Media Release
Wednesday, 8 March 2006
Toll Holdings 3rd place well-deserved
“Toll Holdings well-deserves the third placing it received in the annual Roger Awards announced yesterday” said Stephnie
de Ruyter, Leader of Democrats for social credit.
“Toll is a fine example of the potential for corporate exploitation and manipulation resulting from off-shore ownership
of New Zealand’s essential infrastructure.
“Its operation of our rail network has been an expensive exercise for taxpayers with our government agreeing to fund the
Toll-neglected upgrade of rail tracks to the tune of $200 million plus agreeing to provide additional funds for special
projects.
“Fortunately Toll is not broke: it still managed to find the spare change to buy Singapore Rail and last year made a
modest $41.41 million profit.
“Surely the time has come to admit that private sector ownership of essential infrastructure does not deliver for the
people of New Zealand.
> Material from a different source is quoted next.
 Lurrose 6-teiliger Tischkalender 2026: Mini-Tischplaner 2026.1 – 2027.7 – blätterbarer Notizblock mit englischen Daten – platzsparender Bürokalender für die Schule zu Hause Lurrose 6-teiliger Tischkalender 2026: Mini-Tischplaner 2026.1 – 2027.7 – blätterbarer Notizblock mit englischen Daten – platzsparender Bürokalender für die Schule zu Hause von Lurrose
Companies like Toll Holdings are profiting at the taxpayers expense” Ms de Ruyter said.
Organised by CAFCA and GATT Watchdog, the Roger Award is presented each year to the multi-national corporation operating
in New Zealand deemed by the judges to be the worst. Ms de Ruyter noted that it was a sad indictment on the calibre of
the finalists that Toll Holdings only managed a third place.
“That there are corporations operating here in a way which is deserving of a higher place in the Awards is a sobering
indeed.
“The Award’s organisers are to be congratulated on their determination to bring poor corporate behaviour to our
attention. And Toll is to be recognised for its third placing in such an ignominious contest” Ms de Ruyter concluded.